- [WORK REQUEST]
Every line containing "White" should be identified and copied from the data below.

- [DATASET EXTRACT]
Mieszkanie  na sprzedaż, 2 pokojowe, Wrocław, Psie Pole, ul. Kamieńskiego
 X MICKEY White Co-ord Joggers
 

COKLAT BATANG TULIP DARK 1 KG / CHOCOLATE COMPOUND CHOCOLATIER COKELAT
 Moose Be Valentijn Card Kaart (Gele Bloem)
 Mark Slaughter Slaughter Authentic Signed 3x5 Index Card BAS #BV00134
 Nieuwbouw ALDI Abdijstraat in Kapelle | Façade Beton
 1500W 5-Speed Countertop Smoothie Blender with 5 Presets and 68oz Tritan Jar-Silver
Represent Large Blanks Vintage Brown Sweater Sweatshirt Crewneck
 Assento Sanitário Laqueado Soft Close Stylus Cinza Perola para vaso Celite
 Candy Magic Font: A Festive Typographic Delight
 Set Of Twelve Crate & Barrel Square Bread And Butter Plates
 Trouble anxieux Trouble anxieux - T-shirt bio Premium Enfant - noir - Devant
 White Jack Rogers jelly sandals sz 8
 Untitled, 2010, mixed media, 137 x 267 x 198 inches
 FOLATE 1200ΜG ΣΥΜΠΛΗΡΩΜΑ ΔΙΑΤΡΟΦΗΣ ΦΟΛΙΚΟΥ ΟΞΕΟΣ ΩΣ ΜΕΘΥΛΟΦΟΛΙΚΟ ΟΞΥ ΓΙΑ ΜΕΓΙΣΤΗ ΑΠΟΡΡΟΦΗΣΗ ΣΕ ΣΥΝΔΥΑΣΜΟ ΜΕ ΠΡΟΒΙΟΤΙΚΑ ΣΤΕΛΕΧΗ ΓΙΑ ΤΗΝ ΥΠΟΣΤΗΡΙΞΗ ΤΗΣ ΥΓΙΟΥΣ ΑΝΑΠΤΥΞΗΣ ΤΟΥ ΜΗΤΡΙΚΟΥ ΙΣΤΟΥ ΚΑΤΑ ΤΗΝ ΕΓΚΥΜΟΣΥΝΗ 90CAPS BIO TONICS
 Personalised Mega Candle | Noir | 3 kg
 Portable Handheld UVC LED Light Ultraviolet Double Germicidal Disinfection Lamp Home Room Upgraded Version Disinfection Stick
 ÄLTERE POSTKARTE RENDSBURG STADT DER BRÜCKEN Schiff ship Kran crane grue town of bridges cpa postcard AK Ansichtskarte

- [SOLUTION FOR THIS PROBLEM]
 X MICKEY White Co-ord Joggers
 White Jack Rogers jelly sandals sz 8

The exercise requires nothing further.